2. Material and methods
This study was performed in northwestern Bulgaria where olivaceous warblers have been frequently parasitized by cuckoos (Antonov et al. 2007). Host nests were experimentally parasitized on the day the last egg was laid, up to 2 days after clutch completion. None of the experimental nests was parasitized by the cuckoo. For a better understanding of host rejection modes, we used both artificial and real cuckoo eggs. Foreign eggs were painted non-mimetic to minimize the confounding influence of recognition problems. Each nest was visited daily for 6 days following experimental parasitism to ascertain acceptance or rejection.
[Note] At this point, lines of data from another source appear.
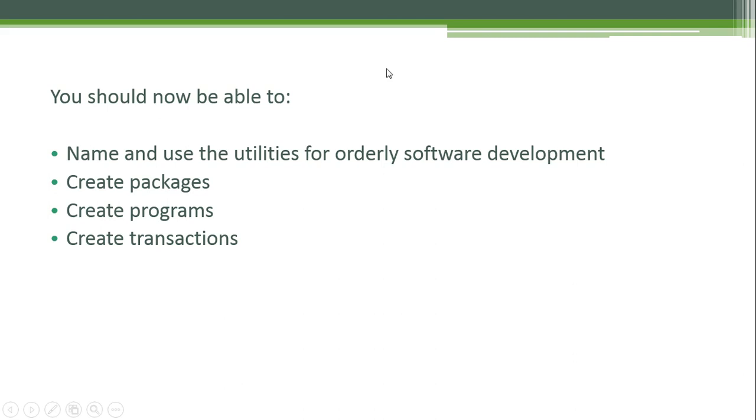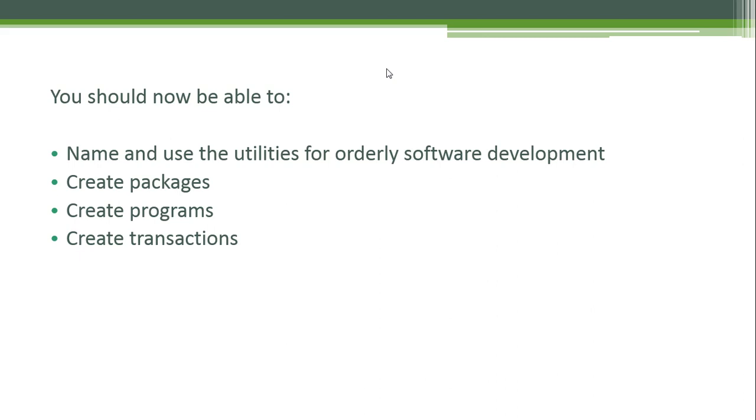You should now be able to name and use the utilities for orderly software development. That will be all the transactions we worked with: remember them—the SE80 transaction for the Object Navigator, SE38 for the ABAP Editor, SE01 for the Transport Organizer. You should also be able to create packages, create programs and assign your programs to your created packages, create transactions, and assign those transactions to your programs.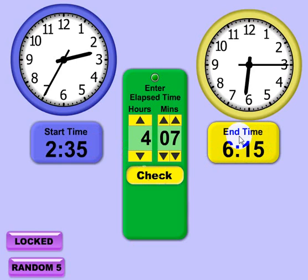So that's how the elapsed time clock works. It's free to use in the classroom and at home online — there's never any sign-up or membership required. I hope this video has helped, and thanks for watching.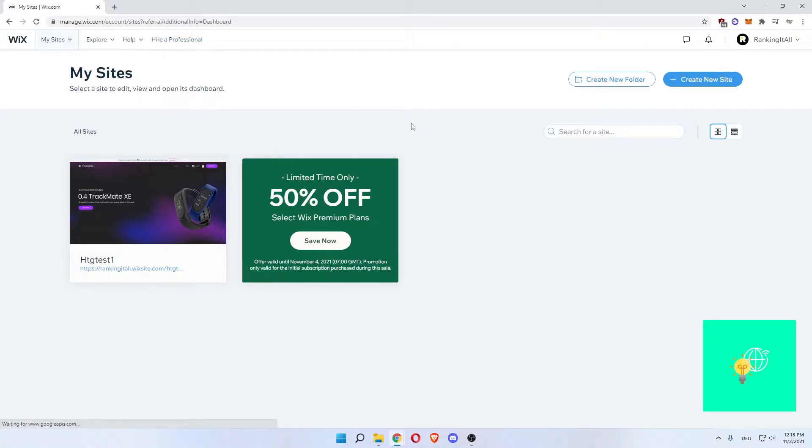So you can even hire professionals to improve or make yourself a website from scratch. Now, what we are going to do is create an art portfolio website. We'll start off by create a new site, the blue button in the top right, which will now load a new tab in our browser.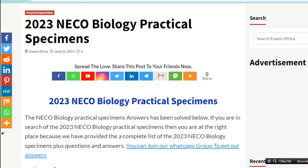These are the 2023 NECO biology practical specimens. I'm going to list out the specimens and then give out possible questions and answers that will come out from the exam. The NECO biology practical specimen answers have been solved below. If you are searching for the 2023 NECO biology practical specimens, you are at the right place, because we have provided a complete list of the 23 NECO biology specimens plus questions and answers.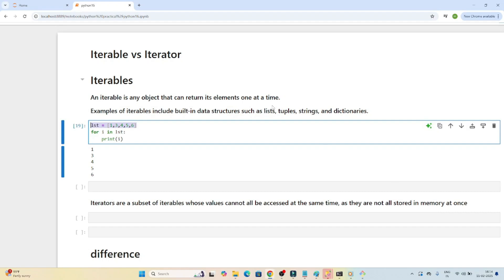In this video we are going to understand the difference between iterable versus iterator, which is an important interview question. An iterable is any object that can return its elements one at a time. Examples of iterables include a list, a tuple, a string, and a dictionary. All of these are iterables — we can loop over them and iterate through them.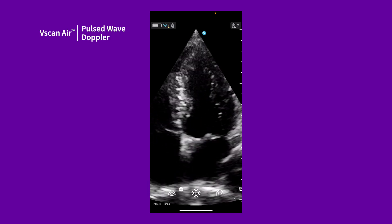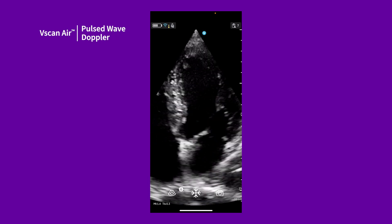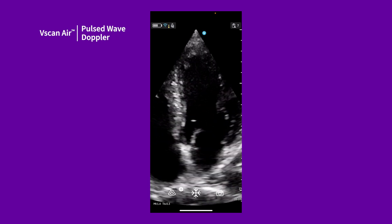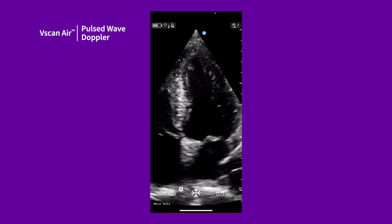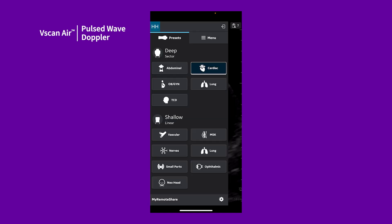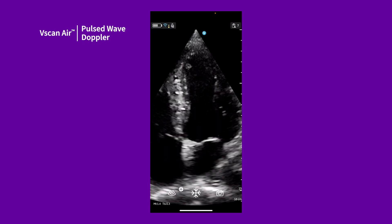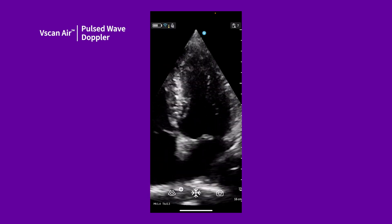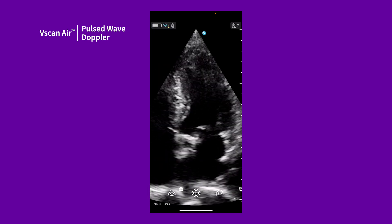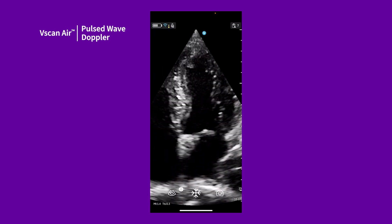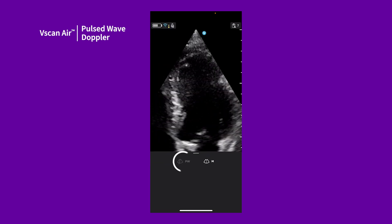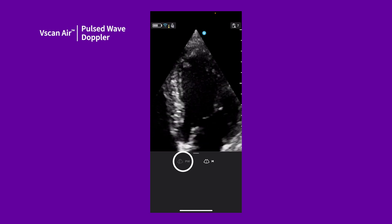Pulsed Wave Doppler allows you to measure the velocity of blood in a sample volume. After you've chosen your preset — for example, we'll use cardiac — locate the anatomy. Note that you will not be able to access PW mode unless you are first in color.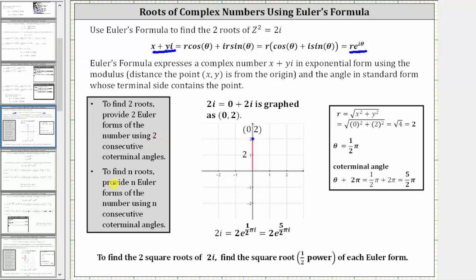In general, to find n roots, we provide n Euler forms or exponential forms of the number using n consecutive coterminal angles.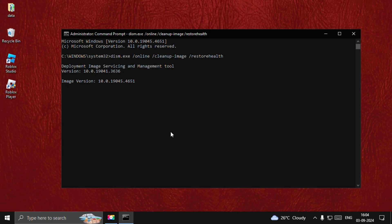Once the process is complete, type 'exit' to close the Command Prompt window, then restart your system and the problem will be fixed. That's it — you're good to go!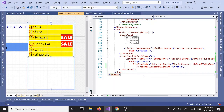Hello, everyone. In this part, we are going to talk about something called DataTemplateSelector. In a scenario where you have multiple data templates and you want to be able to use one or more and apply data templates to your items, that's where DataTemplateSelector comes in.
The foreign egg was considered rejected if it was ejected or the parasitized clutch deserted; otherwise acceptance was assumed.
Experiments with artificial cuckoo eggs (n=23) were conducted in 2003 and 2006. Model eggs were made of polymer clay and painted with acrylic paint to resemble the immaculate blue eggs of the redstart Phoenicurus phoenicurus cuckoo gens. Model and real cuckoo eggs used in this study did not differ significantly in either egg length (22.6±0.45 mm versus 22.0±1.00 mm, Welch t=1.91, d.f.=17.8, p=0.07) or width (16.5±0.40 mm versus 16.4±0.46 mm, t=0.61, d.f.=27.5, p=0.55). Furthermore, model egg weights (3.2–4.1 g) were within the range of natural cuckoo egg weights from the same general area (2.5–5.0 g; A. Antonov, B. G. Stokke, A. Moksnes & E. Røskaft 2008, unpublished data). The paint coating allowed detection of host pecking in terms of clearly recognizable bill prints. Here, we designated pecked but non-deserted model eggs as accepted. A set of another 15 nests was set as controls to account for desertions unrelated to brood parasitism.
Experiments with real cuckoo eggs (n=15) were carried out in 2007–2008. Unincubated cuckoo eggs were collected from abandoned or multiply parasitized great reed warbler Acrocephalus arundinaceus or marsh warbler Acrocephalus palustris nests from the same general area. Cuckoo eggs were painted with dense black spots by using a black indelible ink pen so that little of the background was visible.
Host behaviour was video recorded in 14 nests experimentally parasitized with real cuckoo eggs as well as another seven nests which were not manipulated (controls). The nests were videotaped daily for a period of 2 hours for up to 4 days if the foreign egg was not rejected within this interval. Timing of the video recordings was randomized among nests and time of day. The control nests were filmed for only 2 hours and were compared with the first video recording session of experimental nests. We recorded the time hosts were incubating, looking in the nest cup and pecking the foreign egg, expressed as a percentage of the time there was a bird at the nest. Pecking effort was classified as weak or strong following Antonov et al. (2008a). Statistical analyses were performed in R v. 2.5.1 (http://www.R-project.org).
3. Results
The majority of model eggs were pecked, but 43.5 per cent (10 out of 23) of them were accepted, leading to no significant association between the presence of pecking and rejection decision (Fisher's exact probability test, p=0.56; figure 1). As revealed by video recordings, all the real cuckoo eggs were also pecked but as many as 46.7 per cent (7 out of 15) of them were accepted. Rejection rates of non-mimetic model and real cuckoo eggs did not differ significantly (Χ12=0.02, p=0.89). Model eggs were only rejected by desertion. Five out of eight real cuckoo eggs were rejected by desertion and the other three were ejected. No control nests were deserted.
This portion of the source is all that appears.